Hi! I'd like to get some feedback on a new feature for the standard library: shared Substrings.
It's based on @allevato's prototype implementation, but with some significant changes.
Introduction
Shared Substrings give us a way to interpret buffers of bytes as unicode text, without allocating new storage exclusively owned by a String
object. It would, for example, allow developers to receive data from a file or network connection as an Array<UInt8>
or Foundation Data
object, and parse that data as text without copying it. Additionally, it gives developers of structured text objects (like URLs) greater control over how they organise their storage.
Motivation
It is common for applications to receive and manipulate text as blocks of bytes. For example, when reading data from a file or over a network connection, applications will typically traffic in types such as Data
or ByteBuffer
, some or all of which may be interpretable as text. The Swift standard library includes several utilities and algorithms for interpreting unicode text - however, making use of these algorithms currently requires that the data is stored in a buffer created and managed by the String
type.
Let's imagine a function which receives some payload data from a network connection as an Array and counts the number of characters it contains:
func countCharacters(in utf8Bytes: [UInt8]) -> Int {
let text = String(decoding: utf8Bytes, as: UTF8.self)
return text.count
}
Unfortunately, this copies the entire payload in to new, owned storage - even though all we really want is to apply String's grapheme-traversal algorithms to the bytes in the existing buffer.

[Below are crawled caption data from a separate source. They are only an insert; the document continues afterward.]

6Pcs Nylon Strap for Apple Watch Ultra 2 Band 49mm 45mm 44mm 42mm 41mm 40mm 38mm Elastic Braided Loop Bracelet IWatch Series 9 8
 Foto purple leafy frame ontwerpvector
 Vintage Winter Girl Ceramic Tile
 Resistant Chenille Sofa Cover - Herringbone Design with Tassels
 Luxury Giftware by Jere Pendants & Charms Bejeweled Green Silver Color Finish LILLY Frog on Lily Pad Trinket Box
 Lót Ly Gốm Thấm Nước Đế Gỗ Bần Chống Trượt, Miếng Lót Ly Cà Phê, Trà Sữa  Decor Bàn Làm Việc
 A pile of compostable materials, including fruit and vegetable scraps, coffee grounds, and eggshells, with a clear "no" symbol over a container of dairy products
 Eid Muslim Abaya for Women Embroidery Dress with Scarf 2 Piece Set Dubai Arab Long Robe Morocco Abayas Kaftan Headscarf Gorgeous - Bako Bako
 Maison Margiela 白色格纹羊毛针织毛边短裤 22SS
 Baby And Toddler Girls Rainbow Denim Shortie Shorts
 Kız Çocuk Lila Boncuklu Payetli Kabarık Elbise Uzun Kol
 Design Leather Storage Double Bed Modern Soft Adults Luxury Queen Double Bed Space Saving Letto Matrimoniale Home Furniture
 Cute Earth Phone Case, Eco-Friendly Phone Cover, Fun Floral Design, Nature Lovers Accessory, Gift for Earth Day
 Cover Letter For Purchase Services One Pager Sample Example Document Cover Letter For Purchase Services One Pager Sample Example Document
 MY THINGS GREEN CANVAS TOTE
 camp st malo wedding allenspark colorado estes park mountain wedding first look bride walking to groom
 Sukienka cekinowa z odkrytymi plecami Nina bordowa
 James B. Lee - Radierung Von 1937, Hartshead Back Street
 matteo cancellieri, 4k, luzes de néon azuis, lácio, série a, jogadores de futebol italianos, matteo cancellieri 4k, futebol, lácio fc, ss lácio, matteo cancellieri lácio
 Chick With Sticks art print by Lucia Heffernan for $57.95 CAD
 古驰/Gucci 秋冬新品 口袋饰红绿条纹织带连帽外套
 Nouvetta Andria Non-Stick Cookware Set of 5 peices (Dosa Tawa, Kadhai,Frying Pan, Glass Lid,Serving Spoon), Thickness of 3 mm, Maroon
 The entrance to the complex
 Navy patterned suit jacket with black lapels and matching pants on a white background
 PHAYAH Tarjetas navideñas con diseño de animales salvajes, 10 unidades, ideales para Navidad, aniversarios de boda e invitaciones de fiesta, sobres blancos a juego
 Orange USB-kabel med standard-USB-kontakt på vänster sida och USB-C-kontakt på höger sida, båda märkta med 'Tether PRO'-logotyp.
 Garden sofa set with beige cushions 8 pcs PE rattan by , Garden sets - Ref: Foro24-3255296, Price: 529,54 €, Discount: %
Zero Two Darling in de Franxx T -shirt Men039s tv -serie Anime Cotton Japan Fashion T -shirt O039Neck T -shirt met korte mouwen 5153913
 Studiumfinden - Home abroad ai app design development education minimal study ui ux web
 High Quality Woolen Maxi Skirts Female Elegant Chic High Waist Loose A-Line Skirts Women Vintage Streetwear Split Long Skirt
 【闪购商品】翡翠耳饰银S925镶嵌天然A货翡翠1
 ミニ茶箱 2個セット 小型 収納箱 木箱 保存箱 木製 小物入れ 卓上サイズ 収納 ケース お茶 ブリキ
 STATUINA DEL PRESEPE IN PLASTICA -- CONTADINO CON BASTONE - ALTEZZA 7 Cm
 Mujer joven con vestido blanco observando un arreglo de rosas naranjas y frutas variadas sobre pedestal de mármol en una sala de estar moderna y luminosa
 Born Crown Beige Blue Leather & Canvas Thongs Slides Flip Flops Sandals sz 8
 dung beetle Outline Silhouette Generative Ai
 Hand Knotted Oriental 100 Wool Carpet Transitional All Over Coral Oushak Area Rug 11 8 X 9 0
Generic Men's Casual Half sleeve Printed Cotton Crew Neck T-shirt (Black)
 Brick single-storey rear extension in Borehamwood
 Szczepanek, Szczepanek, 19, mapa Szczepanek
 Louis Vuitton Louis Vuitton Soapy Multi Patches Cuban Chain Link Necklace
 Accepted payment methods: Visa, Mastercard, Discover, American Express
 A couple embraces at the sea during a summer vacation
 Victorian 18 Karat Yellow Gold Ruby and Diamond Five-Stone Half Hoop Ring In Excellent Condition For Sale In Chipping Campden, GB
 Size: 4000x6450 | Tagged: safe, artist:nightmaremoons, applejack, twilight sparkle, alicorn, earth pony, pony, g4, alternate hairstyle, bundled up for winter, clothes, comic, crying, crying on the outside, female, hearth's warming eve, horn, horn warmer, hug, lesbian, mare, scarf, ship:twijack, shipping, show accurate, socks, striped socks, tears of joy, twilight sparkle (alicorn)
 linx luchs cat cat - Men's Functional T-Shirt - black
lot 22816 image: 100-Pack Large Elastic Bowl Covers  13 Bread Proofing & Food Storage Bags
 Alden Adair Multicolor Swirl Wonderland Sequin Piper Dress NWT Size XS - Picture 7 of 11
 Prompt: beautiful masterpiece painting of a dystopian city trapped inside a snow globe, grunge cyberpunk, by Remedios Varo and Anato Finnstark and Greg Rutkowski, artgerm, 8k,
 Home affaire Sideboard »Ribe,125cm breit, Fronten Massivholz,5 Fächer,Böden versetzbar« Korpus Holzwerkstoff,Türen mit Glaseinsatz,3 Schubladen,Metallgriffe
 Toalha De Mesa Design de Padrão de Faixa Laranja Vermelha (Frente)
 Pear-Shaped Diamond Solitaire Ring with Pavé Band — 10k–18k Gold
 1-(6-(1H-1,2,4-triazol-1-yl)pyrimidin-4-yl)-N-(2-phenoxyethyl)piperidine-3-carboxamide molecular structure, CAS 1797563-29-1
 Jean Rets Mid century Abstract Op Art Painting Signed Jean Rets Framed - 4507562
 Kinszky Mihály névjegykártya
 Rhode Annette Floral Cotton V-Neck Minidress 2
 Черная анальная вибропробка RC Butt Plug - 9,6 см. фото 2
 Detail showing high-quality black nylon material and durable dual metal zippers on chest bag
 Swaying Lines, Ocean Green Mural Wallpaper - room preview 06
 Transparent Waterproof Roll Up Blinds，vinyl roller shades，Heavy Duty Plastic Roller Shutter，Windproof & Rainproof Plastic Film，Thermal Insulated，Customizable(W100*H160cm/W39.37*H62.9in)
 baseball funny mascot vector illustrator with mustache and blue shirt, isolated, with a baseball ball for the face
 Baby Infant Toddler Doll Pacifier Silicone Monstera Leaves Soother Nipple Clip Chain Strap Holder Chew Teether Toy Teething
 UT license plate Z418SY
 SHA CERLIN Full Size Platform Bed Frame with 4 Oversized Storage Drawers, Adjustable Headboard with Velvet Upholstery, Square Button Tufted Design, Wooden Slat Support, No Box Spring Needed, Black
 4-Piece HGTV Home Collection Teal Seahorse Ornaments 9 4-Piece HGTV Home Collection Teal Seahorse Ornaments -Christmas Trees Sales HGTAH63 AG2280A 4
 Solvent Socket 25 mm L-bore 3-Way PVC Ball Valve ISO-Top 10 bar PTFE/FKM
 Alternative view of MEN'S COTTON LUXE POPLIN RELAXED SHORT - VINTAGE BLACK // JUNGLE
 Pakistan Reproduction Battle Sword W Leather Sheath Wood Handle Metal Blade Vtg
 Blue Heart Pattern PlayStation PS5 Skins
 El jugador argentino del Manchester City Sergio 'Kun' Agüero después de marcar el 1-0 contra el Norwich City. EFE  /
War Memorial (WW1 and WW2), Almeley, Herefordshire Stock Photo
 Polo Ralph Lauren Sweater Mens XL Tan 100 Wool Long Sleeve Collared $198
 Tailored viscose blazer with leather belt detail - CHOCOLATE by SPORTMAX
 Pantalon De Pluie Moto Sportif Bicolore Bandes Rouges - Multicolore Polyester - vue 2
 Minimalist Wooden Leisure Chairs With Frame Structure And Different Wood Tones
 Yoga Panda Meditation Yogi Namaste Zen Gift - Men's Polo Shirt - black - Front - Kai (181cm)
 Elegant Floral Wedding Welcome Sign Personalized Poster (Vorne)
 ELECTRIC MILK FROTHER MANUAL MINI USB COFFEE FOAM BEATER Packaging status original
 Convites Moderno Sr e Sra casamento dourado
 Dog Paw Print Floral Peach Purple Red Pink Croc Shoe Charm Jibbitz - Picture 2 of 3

Furthermore, many libraries which make heavy use of Strings may want finer control over how they organise their storage. Take URLs for instance: a type representing a parsed URL might look something like this:
struct MyURL {
var urlString: String
var schemeEndIndex: String.Index
var usernameEndIndex: String.Index?
var passwordEndIndex: String.Index?
var hostnameEndIndex: String.Index?
var portEndIndex: String.Index?
var pathEndIndex: String.Index?
var queryStringEndIndex: String.Index?
var fragmentEndIndex: String.Index?
}
This is roughly what Rust's URL type looks like. But just looking at it: every String.Index
is 8 bytes on x86_64 (9 bytes for an optional), and String
is 16 bytes - resulting in a minimum 87 bytes plus whatever dynamic storage the String
might own. That's a very heavy object.
Even if we made this object a class, we end up with 2 heap allocations: one for MyURL
itself, containing the indexes and the String
, and again for String
's storage. Maybe we would prefer to group these in to a single allocation, like ManagedBuffer
does, and maybe we'd like more control over the size of the String, so that we can use a smaller index type. Shared Substrings allow developers to explore these kinds of designs.
Proposed solution
This proposal would add the following API to the standard library, allowing developers to create Substring
s from either: a pointer-owner pair, a ManagedBuffer
instance, or an ArraySlice
.
extension Substring {
/// Creates an immutable `Substring` whose backing store is shared with the UTF-8 data
/// referenced by the given buffer pointer.
///
/// The `owner` argument should manage the lifetime of the shared buffer.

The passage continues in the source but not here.